Devant les deux chambres du Parlement (l’Assemblée nationale et le Sénat) réunies ce mardi 18 juin en congrès, le président de la République, Alassane Ouattara, s’est félicité de la performance économique de la Côte d’Ivoire, au regard des notations des agences internationales (Standard and Poor, Fitch, Moody’s).
Selon le chef de l’Etat, le pays est aujourd’hui la 9e puissance économique, la troisième en Afrique francophone après l’Algérie et le Maroc et la deuxième puissance économique de l’Afrique de l’ouest derrière le Nigeria. Grillant ainsi la politesse au Ghana qui perd sa deuxième place au niveau de la CEDEAO.
Alassane Ouattara soutient qu’en 2023, l’activité économique est restée robuste avec un taux de croissance de 6,6% avec une résilience de macro-économique, une gestion saine des finances publiques. « Cela veut dire que la dette est maîtrisée, des équilibres sont maintenus et la dynamique économique promet des lendemains meilleurs ».

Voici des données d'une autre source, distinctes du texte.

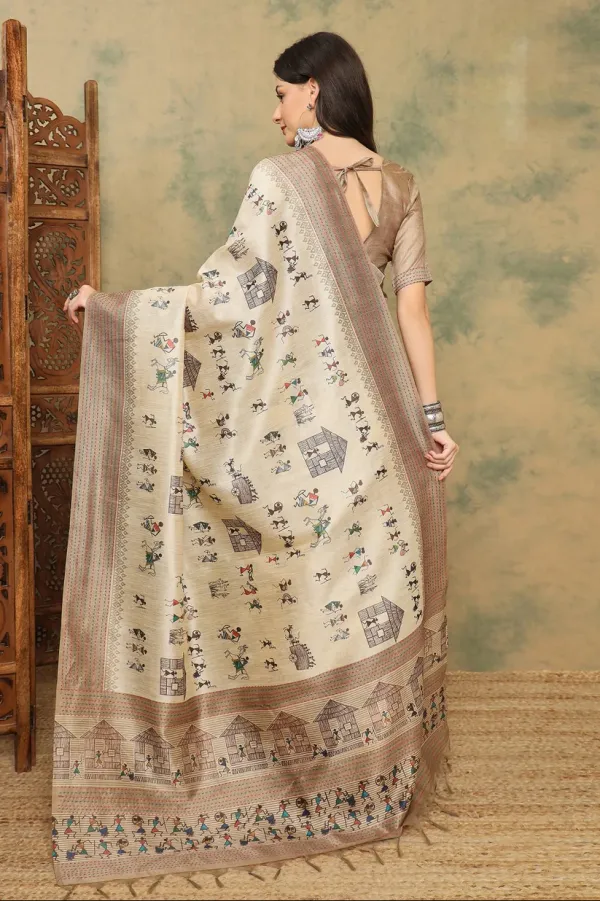 Cream_Cotton_Silk_Warli_Print_Saree_With_Kantha_Embroidery_Border_|_Soft_&_Elegant_Look_944004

« Je tiens à vous rassurer que votre bien-être reste la préoccupation essentielle de mon action. C’est pourquoi, j’ai demandé au gouvernement de poursuivre ses efforts pour contrôler le coût d’électricité, la stratégie énergétique avec le recours de l’énergie renouvelable comme les centrales solaires et les barrages hydrauliques en cours de construction, permettront de mieux maîtriser en termes le prix du Kwh », a confié le président de la République face à la grogne relative au coût de l’électricité.
« Désormais les institutions de la République sont en place et fonctionnent harmonieusement… Les efforts de cohésion sociale et la paix restent prioritaires… », a soutenu Alassane Ouattara qui a aussi évoqué la mise en œuvre de la cinquième 5e phase du dialogue politique et la mise la deuxième phase de la trêve sociale qui contribuent à la consolidation de la stabilité et de la cohésion sociale.
Au titre de la loi de financement des groupements politiques ainsi que les candidats à l’élection présidentielle ont été régulièrement payés, dit-il. Le Chef de l’Etat a souhaité une actualisation de la loi de sorte à la rendre conforme à la constitution avec la prise en compte des candidats aux élections sénatoriales concernant la Quote part due aux partis et groupement politique participant aux élections législatives.
Dans son allocution, il a félicité le travail de son ex Premier ministre, Patrick Achi, présent dans la salle, de l’ex ministre des Affaires étrangères, Kandia Kamara, notamment dans le dénouement de la crise des 49 soldats, détenus au Mali.